# [The data]

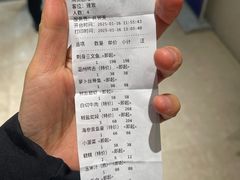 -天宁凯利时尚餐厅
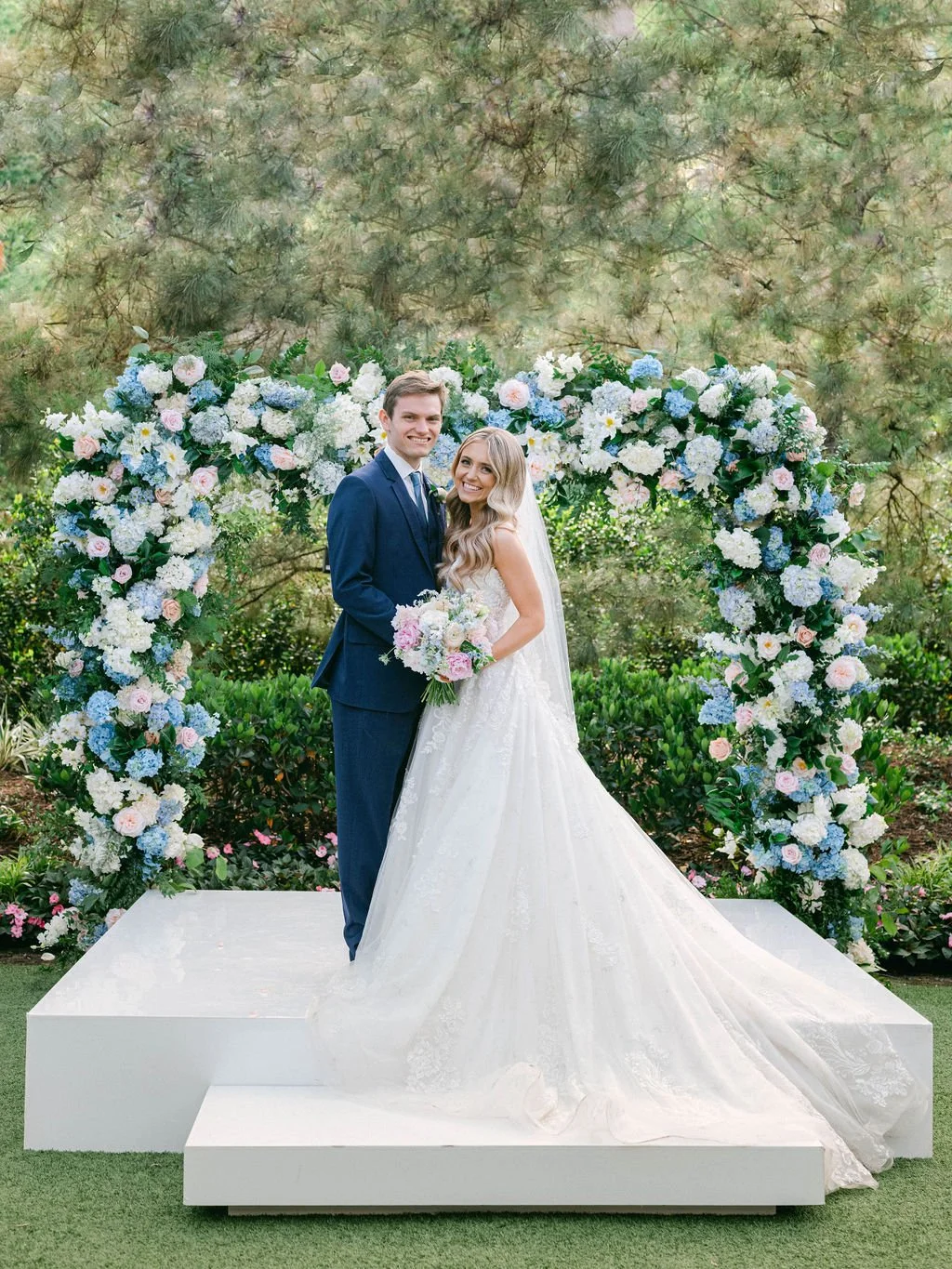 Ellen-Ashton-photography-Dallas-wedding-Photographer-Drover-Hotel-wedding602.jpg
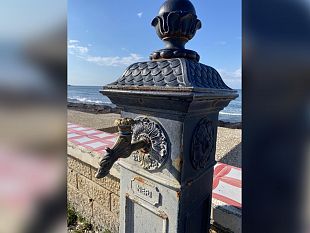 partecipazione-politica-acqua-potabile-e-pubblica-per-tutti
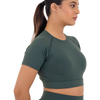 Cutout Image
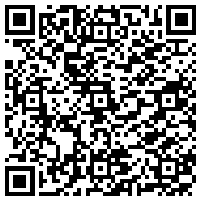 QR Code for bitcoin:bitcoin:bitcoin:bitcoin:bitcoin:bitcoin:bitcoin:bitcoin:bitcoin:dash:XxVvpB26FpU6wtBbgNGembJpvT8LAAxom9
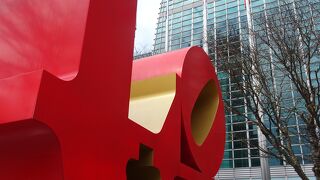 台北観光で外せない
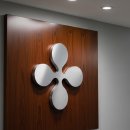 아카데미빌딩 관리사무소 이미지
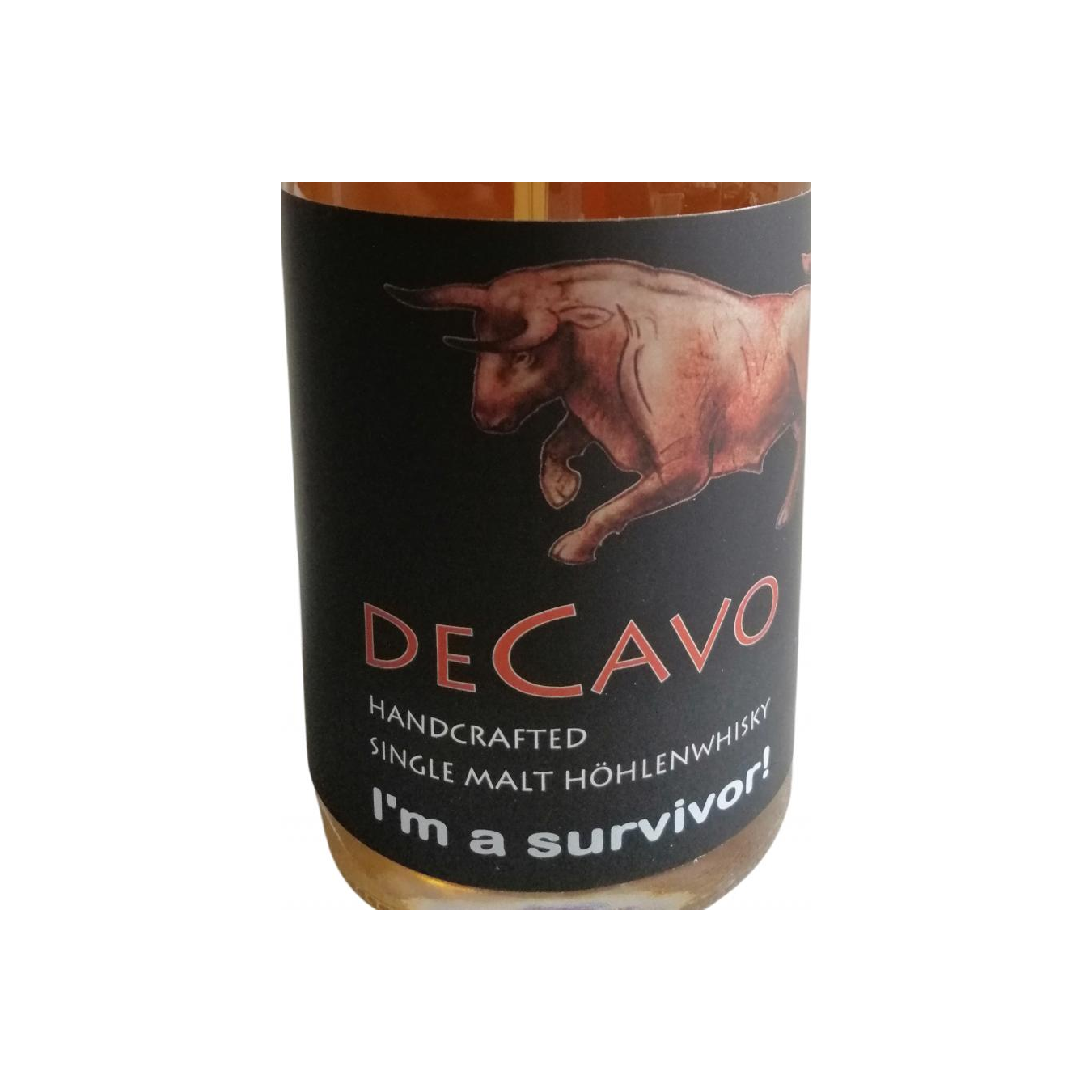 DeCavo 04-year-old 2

# [Work item]
Please restate the material word for word; the pictures stay out.

# [Task output]
 -天宁凯利时尚餐厅
 Ellen-Ashton-photography-Dallas-wedding-Photographer-Drover-Hotel-wedding602.jpg
 partecipazione-politica-acqua-potabile-e-pubblica-per-tutti
 Cutout Image
 QR Code for bitcoin:bitcoin:bitcoin:bitcoin:bitcoin:bitcoin:bitcoin:bitcoin:bitcoin:dash:XxVvpB26FpU6wtBbgNGembJpvT8LAAxom9
 台北観光で外せない
 아카데미빌딩 관리사무소 이미지
 DeCavo 04-year-old 2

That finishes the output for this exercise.